Morimos cada día, a veces, cada instante.
Vamos fluyendo lentos al gozo de la sangre.
Sembramos amapolas, brotamos primaveras.
Nuestro río se esparce en arroyos azules.
Se esparce nuestro río oculto y silencioso
besando las raíces del tierno ser humano.
Nos alza la esperanza en árboles de carne
y nos talan las Hachas de huracanes ingratos.
Nuestro dolor es cierto, pero no le ostentamos
en condecoraciones de fríos pedestales.
Acaso ni sabemos las horas que sufrimos
porque el amor es alma para sufrir de balde.
Nos basta ser conscientes del hambre que nos nutre:
saber que caminamos y que no hemos llegado;
libar en los senderos las promesas de bosque
dejando en cada huella una estrella de sangre.
Beber en las honduras de la experiencia viva.
Transitar, trabajando, las arterias del ser.
Iluminar cavernas con la luz de la mente.
Depositar hogares en olas de latido.
Amparar la sonrisa de los niños que juegan.
Esculpir los anhelos del joven que amanece.
Llevar sobre los hombros a los padres heridos
hasta curar sus llagas con néctar de amistades.
Saber amar en vivo, querer amar en hombre
y nunca poner precio al amor que nos fluye;
pero cuidar la entraña de esta fuente divina
con montañas de nieve que estrujan su blancura.

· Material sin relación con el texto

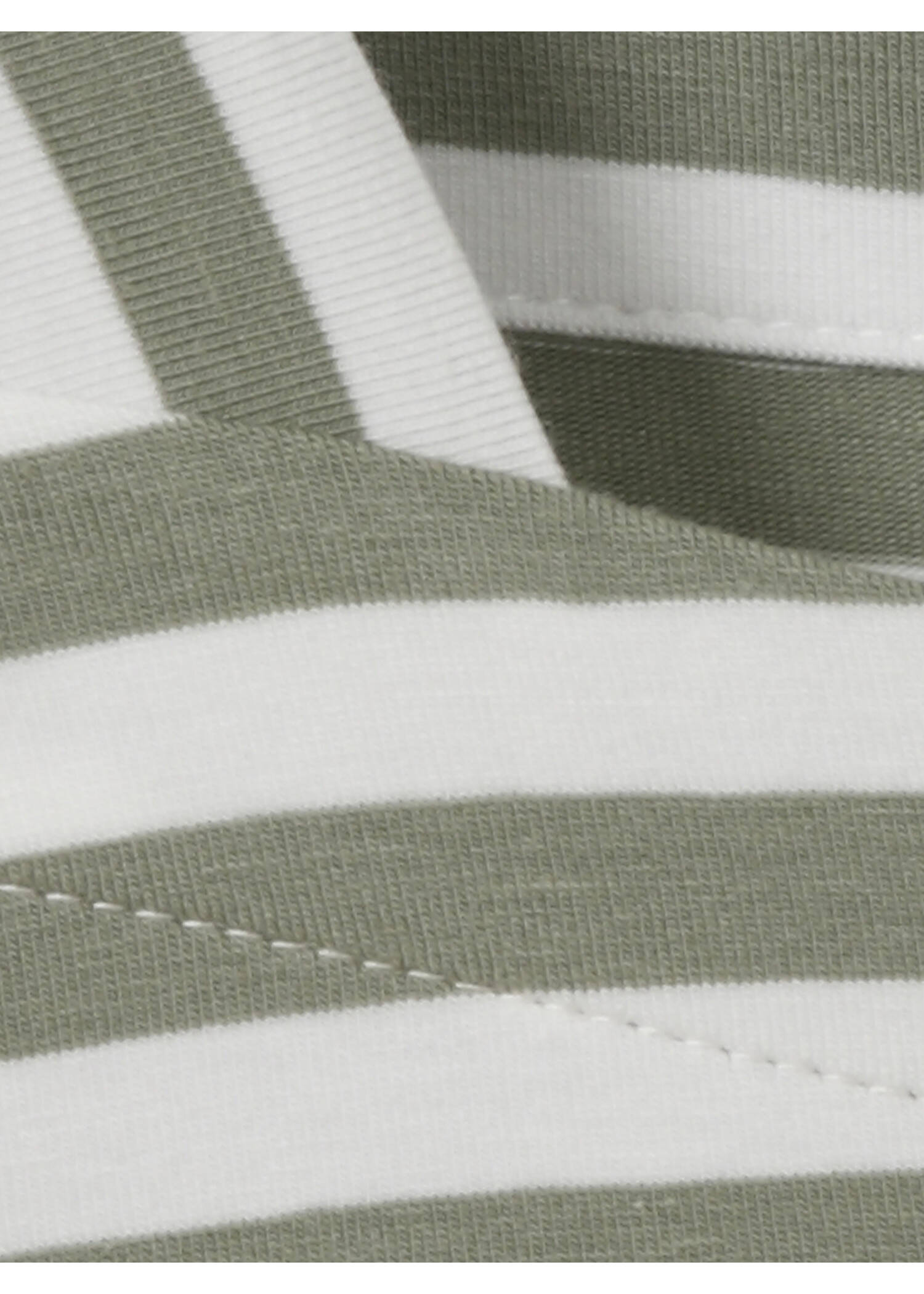 3/4-Arm Ringelshirt mit Karree-Ausschnitt /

Y, cuando Dios repare en nuestras manos limpias,
nuestras manos manchadas de tizas y de libros,
nuestras manos cargadas de niños y de hombres,
nuestras manos marchitas de juventud fecunda,
cuando Dios nos sorprenda con su rostro sereno,
cuando nos dé su mano de ardiente eternidad,
cuando encienda el misterio en nuestro polvo erguido,
RESUCITAR CON ELLOS A LA INFINITA PAZ.